Todos sabemos que la Transición democrática fue un paso ejemplar de un régimen dictatorial a un régimen democrático con libertades políticas, en un proceso pacífico. En aquel difícil momento Franco muere poniendo punto final a una situación excepcional de dictadura y gran crecimiento económico. Había que pasar página y equipararse a los países de nuestro entorno.
La transición, de hecho, la hace el propio régimen franquista, consciente de que los tiempos han cambiado y que no es posible un franquismo sin Franco. No es la oposición la que fuerza este cambio político, por más que algunas figuras de la izquierda hayan querido reivindicar su represión o su disidencia.

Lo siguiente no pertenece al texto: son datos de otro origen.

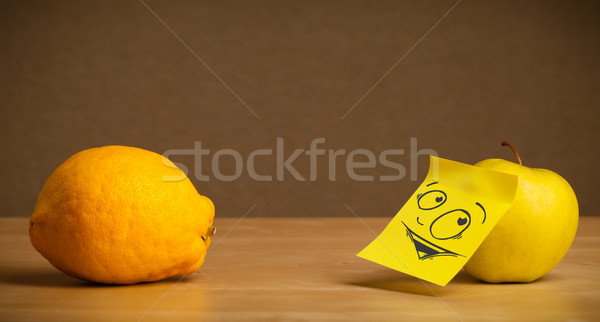 Apple with post-it note looking curiously at lemon Stock photo © ra2studio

Sin embargo la Transición tuvo muchos defectos. Hubo que hacer concesiones a las familias de poder que manejaban los hilos de la política y a los nacionalismos, entre otros. Saliendo de una dictadura, con poco se podía contentar a una población que suspiraba por vientos de más libertad y apertura.
La Constitución Española, con todas sus virtudes y su espíritu conciliador nos ha dado décadas de paz, libertad y derechos, pero no ha sido capaz de asegurar el correcto funcionamiento de la separación de poderes, clave para que haya una verdadera soberanía del pueblo, y para que los contrapesos entre esos poderes eviten los abusos y la corrupción generalizada.
Los primeros gobiernos, gracias a la altura moral y de principios de sus líderes y representantes, se auto-censuraban y evitaban comportamientos abusivos. Por desgracia, hoy esa altura moral brilla por su ausencia, y se han manifestado claramente las lagunas legales que permiten a la presidencia del gobierno y a sus grupos políticos con mayoría en el Congreso y Senado, cometer infinidad de tropelías: saqueo de dinero público, decretos leyes abusivos, un gasto político desbordado de asesores y adláteres sin control, control de la Justicia por parte del legislativo y ejecutivo, abuso de los medios de comunicación públicos (y privados), mismas personas en el Ejecutivo y el Legislativo, entre otras muchas.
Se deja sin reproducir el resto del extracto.